** Supplied data follows **
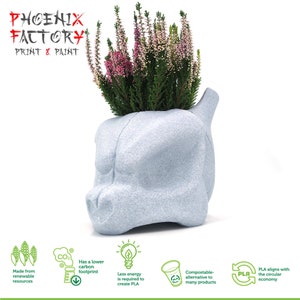 May include: A light grey, skull-shaped planter filled with pink and green flowering plants. The planter has a textured surface and the text "PHOENIX FACTORY PRINT & PAINT" is visible. Additional icons indicate the product is made from renewable resources and is compostable.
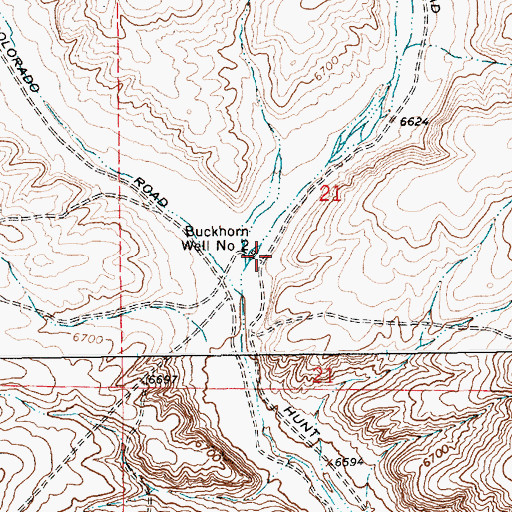 Topographic Map of Buckhorn Well Number 2, WY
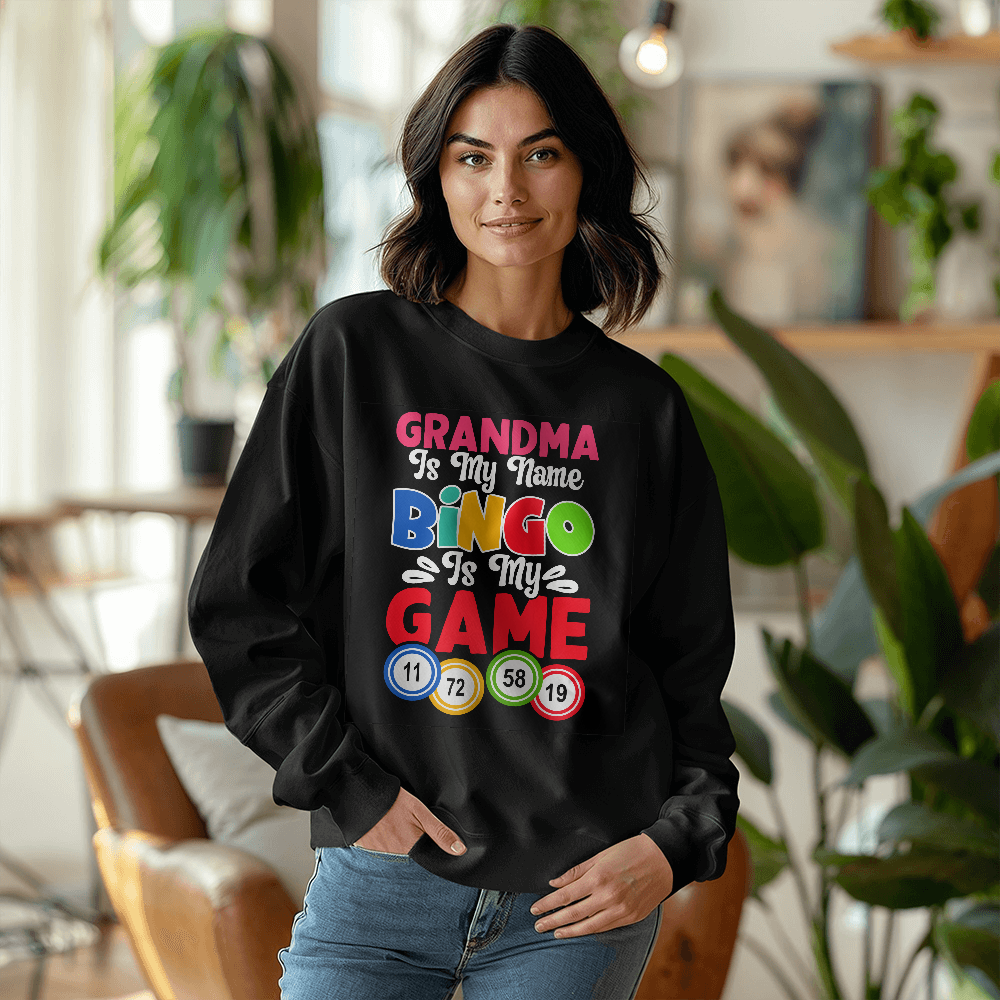 Grandma Is My Name Bingo Is My Game - Gildan 18000 Unisex Crewneck Sweatshirt Front Print - Gift for Grandma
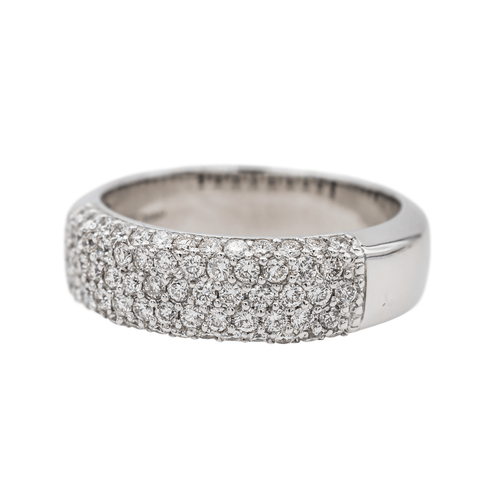 Bague 54 Bague bandeau en or blanc 18 carats pavée de diamants 58 Facettes 3440604CN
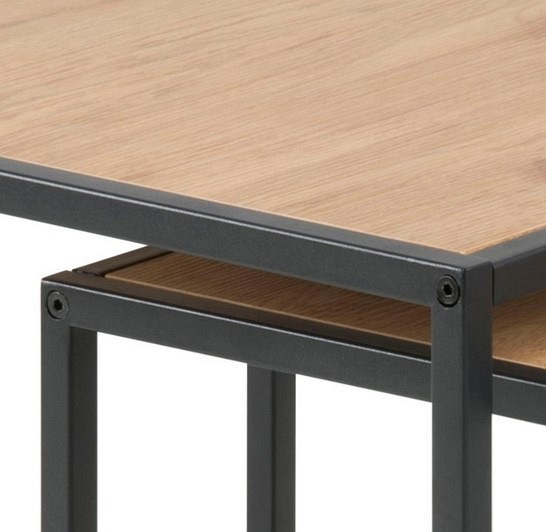 Zestaw Stolików SEAFORD Czarny/Dąb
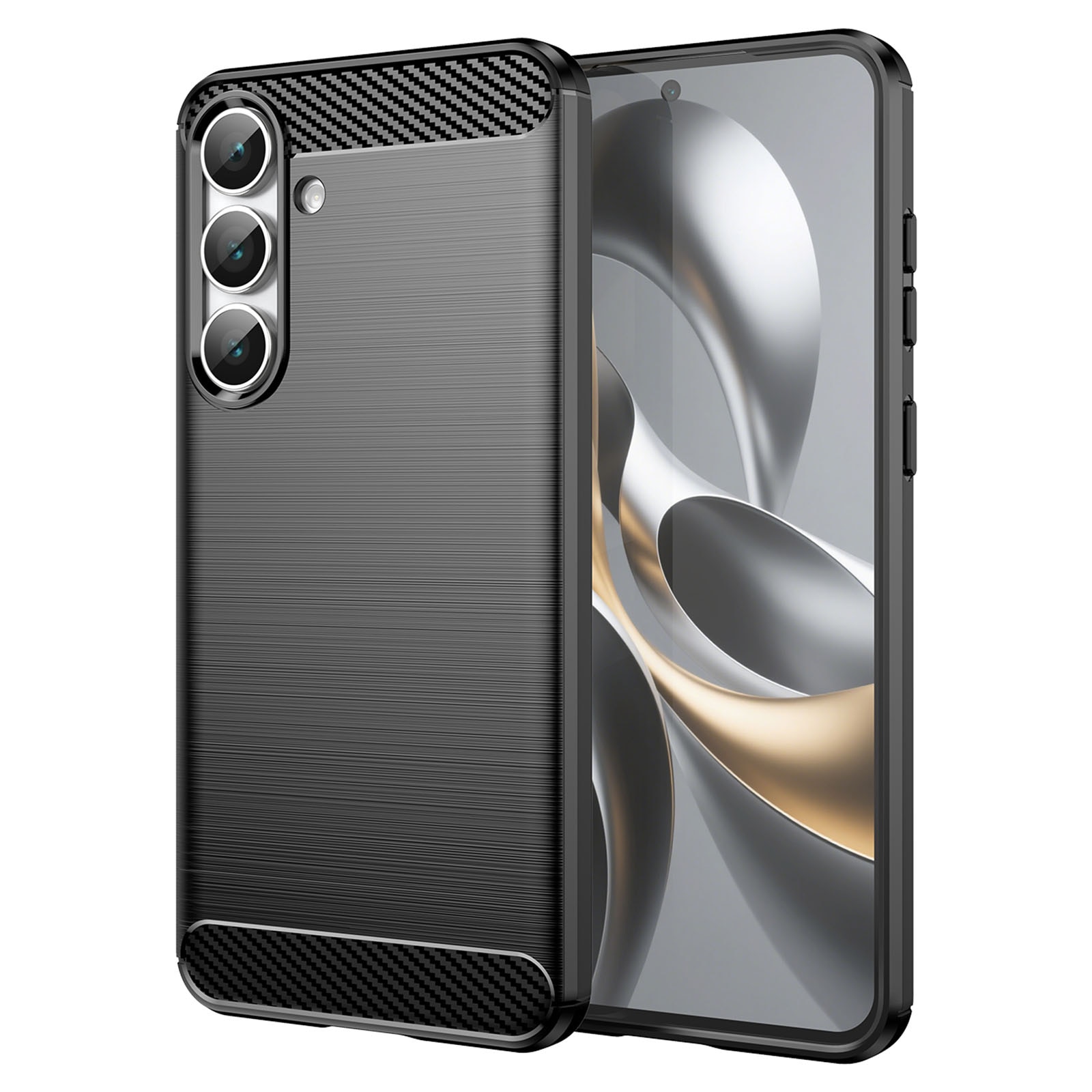 Samsung Galaxy S25 FE Hülle TPU Brushed Schwarz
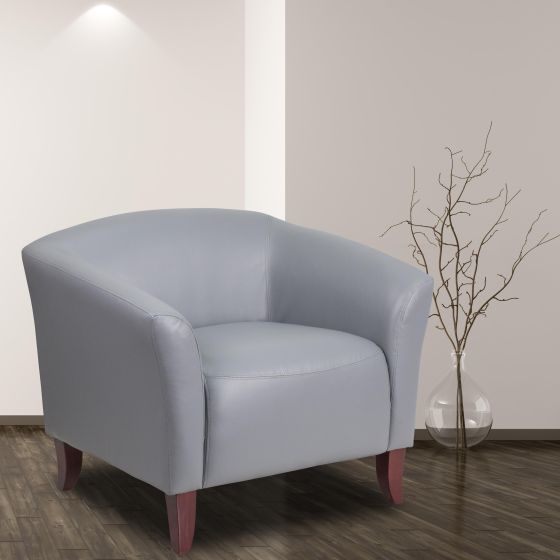 Gray LeatherSoft Chair with Cherry Wood Feet - Lobby and Guest Seating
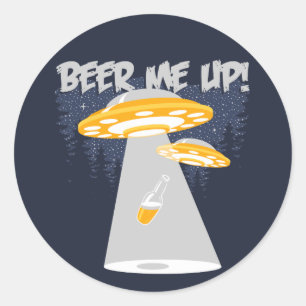 Bier ich oben! runder aufkleber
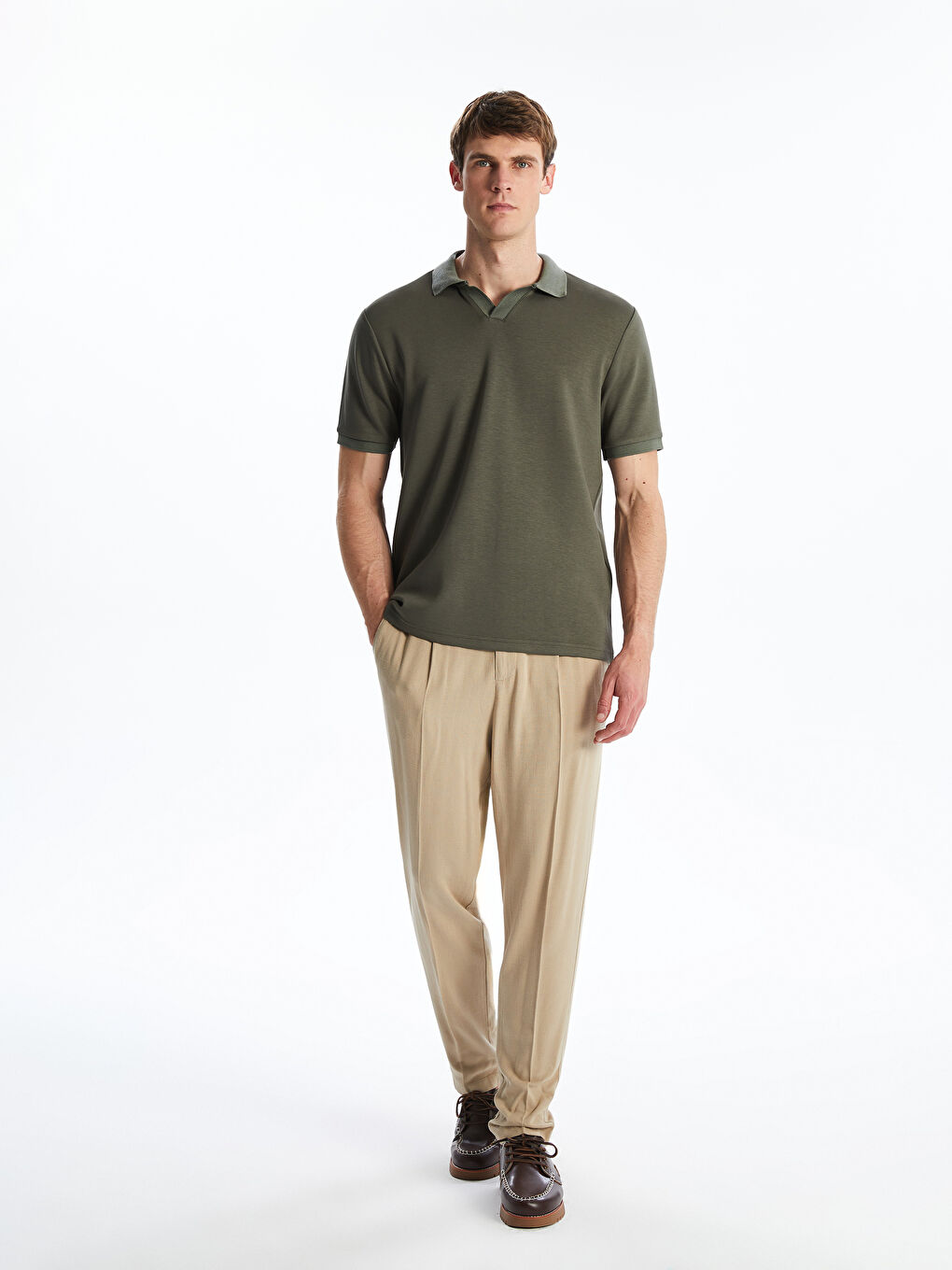 Yeşil Polo Yaka Erkek Tişört-1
** End of Supplied data **
> _Exercise objective_: For each record above, write out every line exactly and skip the pictures.

> _Solution to the problem_:
 May include: A light grey, skull-shaped planter filled with pink and green flowering plants. The planter has a textured surface and the text "PHOENIX FACTORY PRINT & PAINT" is visible. Additional icons indicate the product is made from renewable resources and is compostable.
 Topographic Map of Buckhorn Well Number 2, WY
 Grandma Is My Name Bingo Is My Game - Gildan 18000 Unisex Crewneck Sweatshirt Front Print - Gift for Grandma
 Bague 54 Bague bandeau en or blanc 18 carats pavée de diamants 58 Facettes 3440604CN
 Zestaw Stolików SEAFORD Czarny/Dąb
 Samsung Galaxy S25 FE Hülle TPU Brushed Schwarz
 Gray LeatherSoft Chair with Cherry Wood Feet - Lobby and Guest Seating
 Bier ich oben! runder aufkleber
 Yeşil Polo Yaka Erkek Tişört-1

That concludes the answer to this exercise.